Speaking of arguments, we had one last night, a result of her ever-present victimhood complex and spitefulness. The subject was actually benign. It was an idea that I had been turning over in my head for some days, now. I would have spoken with you about it, but that isn't really an avenue of communication that's open to me anymore. Here's the basic gist:

I think that people, myself included, are subject to tailoring ourselves and our personalities in order to better get along with those in our lives. That doesn't sound like a bad thing, does it? No, but I think it could have negative implications, and that's why I brought it up. Because I've spoken at length about how one-dimensional she is. How vulgar, how crass, how simple. But I seemed to remember her when we met, and she didn't come off as any of those things. Of course, it could have been me just not paying attention, and that in fact is very likely. But my point is that at some point, very early in our relationship, she was normal. At least, normal enough for me to find attractive.

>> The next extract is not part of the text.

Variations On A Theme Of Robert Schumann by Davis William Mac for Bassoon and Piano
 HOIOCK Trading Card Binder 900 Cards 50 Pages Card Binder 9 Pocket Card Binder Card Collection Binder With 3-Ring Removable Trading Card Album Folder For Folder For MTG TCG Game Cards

I think that she was like most people. Reserved, guarded, self-aware, with an image and identity to maintain. Over the course of years, however, she adjusted herself to me. She adjusted to the culture. At first it started with cute pet names and such. I didn't really mind those. I think a lot actually happened at that time, I may just not have let this theory mature enough in my head to pick them out. But then comes the adjustment to behavior, and with it, the death of relationships: EXPECTATIONS.

Boom, there's my point. Allow me to explain. I believe that when you become adjusted enough to someone that you expect certain behaviors out of them, you kill any hope for romance then and there. I could be wrong, but I have evidence. Take you and I for example. On one hand, it's easy to chalk up our courtship as nothing more than loneliness and physical attraction. But I think there is something far more profound going on than that when you begin to fall for someone you've just started dating.

I think back to all the best times we had. Us in my car, us in your car. Listening to our favorite jams while driving. You sitting on the counter and singing along to "Angela". And of course, when we were having sex. I think back on it, and not a single time can I point out a moment, not one moment, when you weren't being yourself. That's what I loved about you. You were so... Authentic. So much more real than anything I had grown accustomed to. And that may have been a big factor as to why you fell for me, as well.

This theory has it's origins in, you guessed it: another argument she and I had. During this argument, she pointed out that whenever I leave for any extended period of time, I come back someone different. Someone completely strange to her. She tells me I don't have a personality, that I have no emotions, et cetera. But that's just the thing: I have MORE of a personality when I'm away. I get to be myself. I get to drop all the cutesy bullshit pretenses and meme-based humor that I don't really like and I get to be ME. That's who you met. Me. After a month or two home, I normally re-adjust and become bearable again (to her), but I just hate myself. I hate myself because I don't go out with friends, I don't enjoy life, and I just sit pinned up in my office all the time because it's the only shred of individuality I have left to hold on to. And she's just weird, k. She's a really weird person. Again, I digress.

But this all leads me to believe that when you grow accustomed to someone, you filter your personality subconsciously in order to be more agreeable to the people in your life. You've heard the saying "you are who you associate yourself with"? I've always disagreed with it before now, but now I think I actually get it.

That explains to me why what we had was so much better, so much healthier for me. I'd like to hear your thoughts on it, honestly. Of course, only contact me if it's safe, and if you want to. I refuse to be the reason you end up in an early grave. That said, It's technically morning for me now. I know you're a night owl, and now you have an entirely new reason to stay up late. I, however, can't pull those hours anymore. I'm too old.

So, good morning, k. I hope your day is as beautiful as you are.